Write out the data that follows exactly, keeping every picture out.

*Records provided*
=== Section Start ===

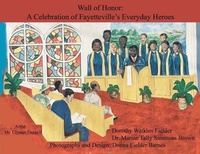 Abbildung von: Wall of Honor - Barnes Publishing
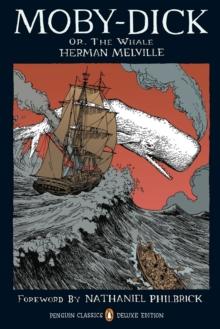 Moby-Dick : Or, The Whale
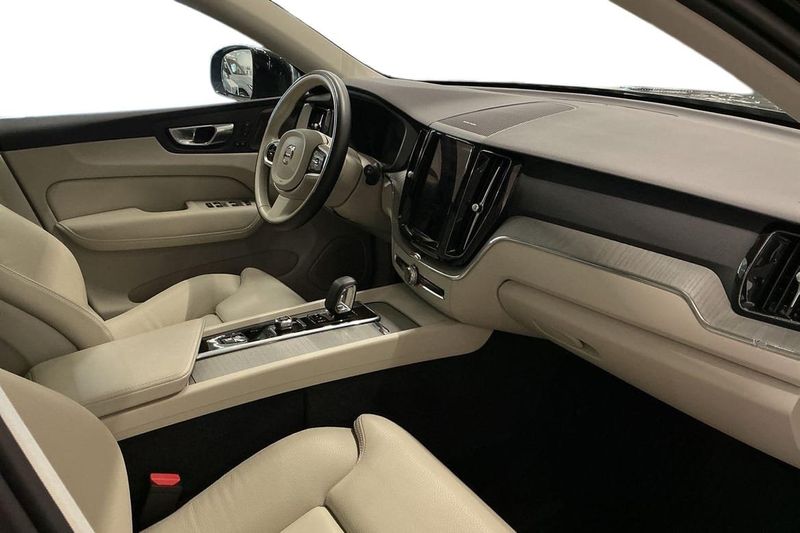Volvo XC60 bild 14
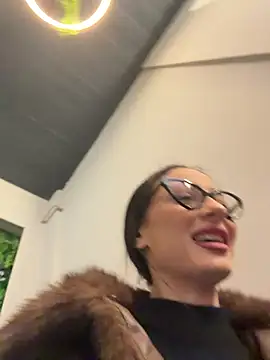 FeetVibe online show from 26, 2, 2026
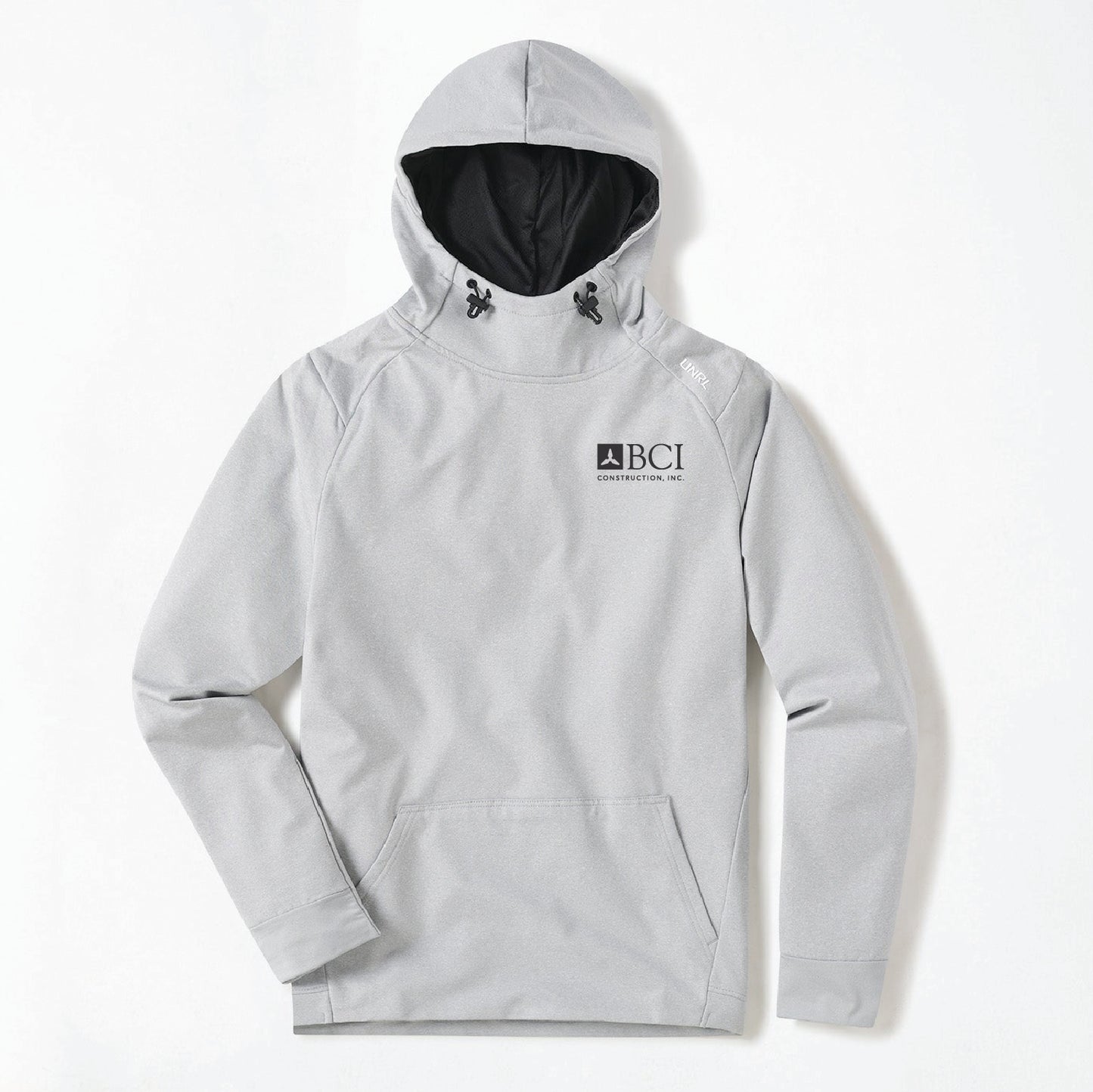 BCI UNRL CROSSOVER HOODIE II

=== Section End ===

*Result for this exercise*
 Abbildung von: Wall of Honor - Barnes Publishing
 Moby-Dick : Or, The Whale
Volvo XC60 bild 14
 FeetVibe online show from 26, 2, 2026
 BCI UNRL CROSSOVER HOODIE II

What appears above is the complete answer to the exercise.